Seit Sommer 2007 bin ich ein „Adobe-Refugee“, denn nach einigen Monaten habe ich Lightroom (damals in der Version 1,0) als für meine Zwecke untauglich befunden und arbeite seitdem mit einer Reihe anderer RAW-Konverter.
(FUJIFILM X100VI mit Built-In Lens @23.0mm, 1/100s, f/5.6 und ISO800)
Daher kann ich die Änderungen an den Abo-Modellen von Adobe entspannt aus der Ferne betrachten, da sie mich nicht direkt betreffen. Nun hat vor ein paar Wochen ein Mitglied einer Fotogruppe die Frage gestellt, wie es denn mit kostenlosen RAW-Konvertern (Open Source) generell aussieht, sprich: Taugen die was und kann man die verwenden?

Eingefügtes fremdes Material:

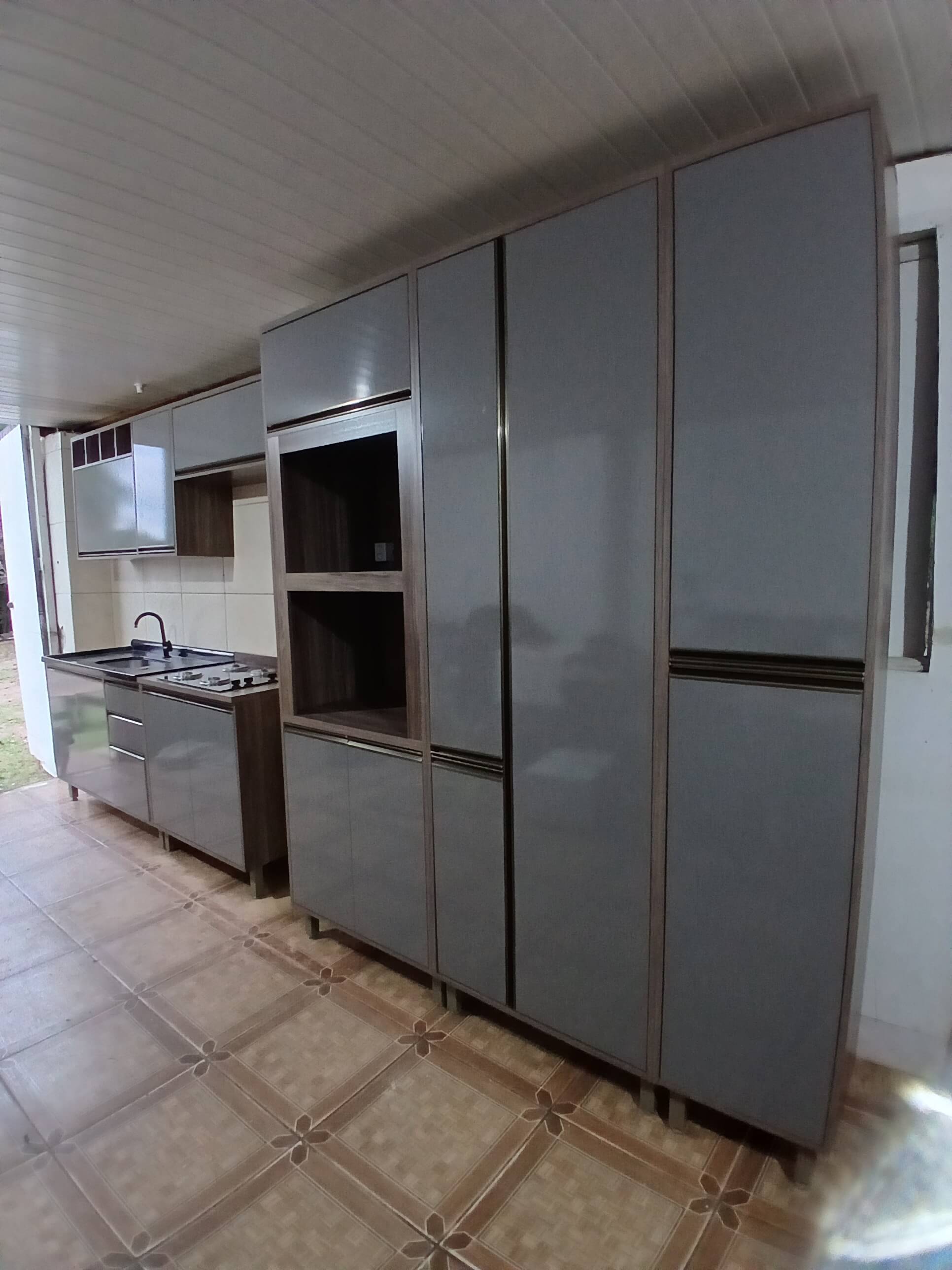 Montagem completa de cozinha com nivelamento de balcões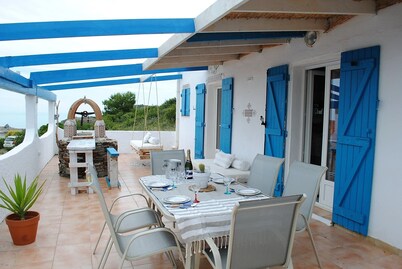 Pure Mediterranean style villa. Superb view 100 meters from the beaches.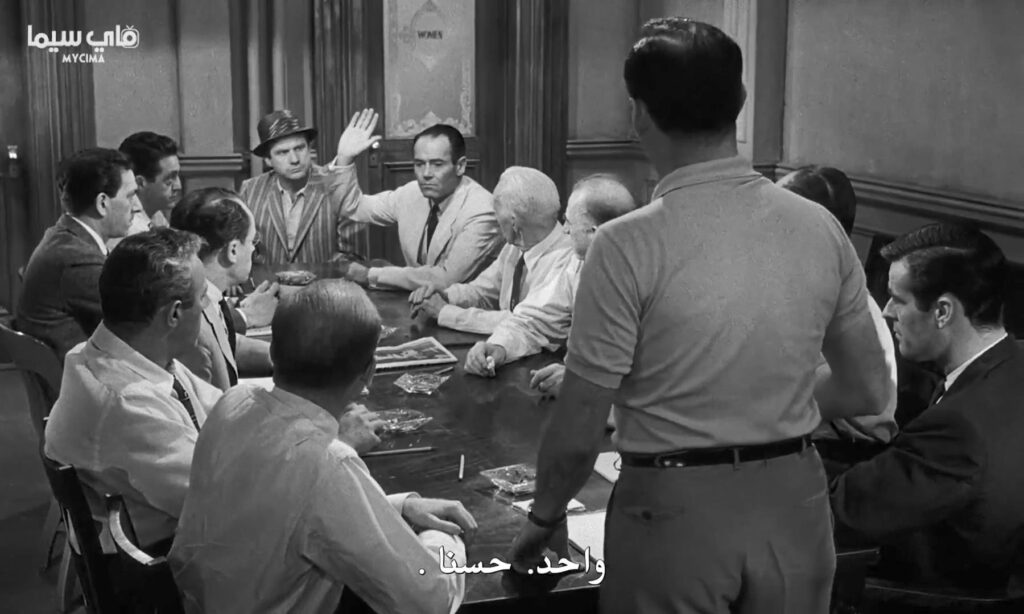 مراجعة فلم 12 Angry Men (هيئة المحلفين) 10 لحظة إعلان هينري فوندا لمخالفته للبقية في 12 Angry Men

Ich will diese Frage nicht als Öffnung der Büchse der Pandora bezeichnen, aber sie hat eine Reihe von Überlegungen in Gang gesetzt, die zu einem Test und vielleicht auch mehr führen werden.
Meine Überlegung war nämlich: Wenn ich schon RAW-Konverter aus der Open Source-Welt betrachte, wie sieht es denn generell mit der digitalen Souveränität aus? Nicht nur Adobe ist eine Firma mit Sitz in den USA. Auch mein primärer RAW-Konverter (ON1 Photo RAW) stammt von dort. Skylum, der Hersteller von Luminar, gibt als Firmensitz Bellevue im Bundesstaat Washington an. DxO hat seinen Sitz in Frankreich und die Software ist von einem hakeligen Aktivierungsmechanismus abhängig. Capture One A/S sitzt in Dänemark – um hier noch zwei Alternativen aus der EU zu nennen. Bei der Frage ging es aber explizit um Alternativen aus dem Open Source-Bereich und mein Addendum war dann die generelle Frage nach digitaler Souveränität.
Die eigentliche Frage: Open Source RAW-Konverter
Die drei bekanntesten Open Source-RAW-Konverter sind:
- ART (ein Fork von RawTherapee), https://art.pixls.us/
- RawTherapee selbst: https://rawtherapee.com/
- Darktable: https://www.darktable.org/
Damit wäre der Frage aus der Fotogruppe erst einmal Genüge getan. Aber man wollte ja auch noch wissen, ob sie „taugen“. Die Antwort ist auf jeden Fall JA. Jeder der genannten Konverter benötigt aber hinreichend Zeit zur Einarbeitung und zum Kennenlernen seiner Grenzen – positiv ausgedrückt – seines Funktionsumfangs. Das ist bei allen anderen Konvertern aber auch der Fall.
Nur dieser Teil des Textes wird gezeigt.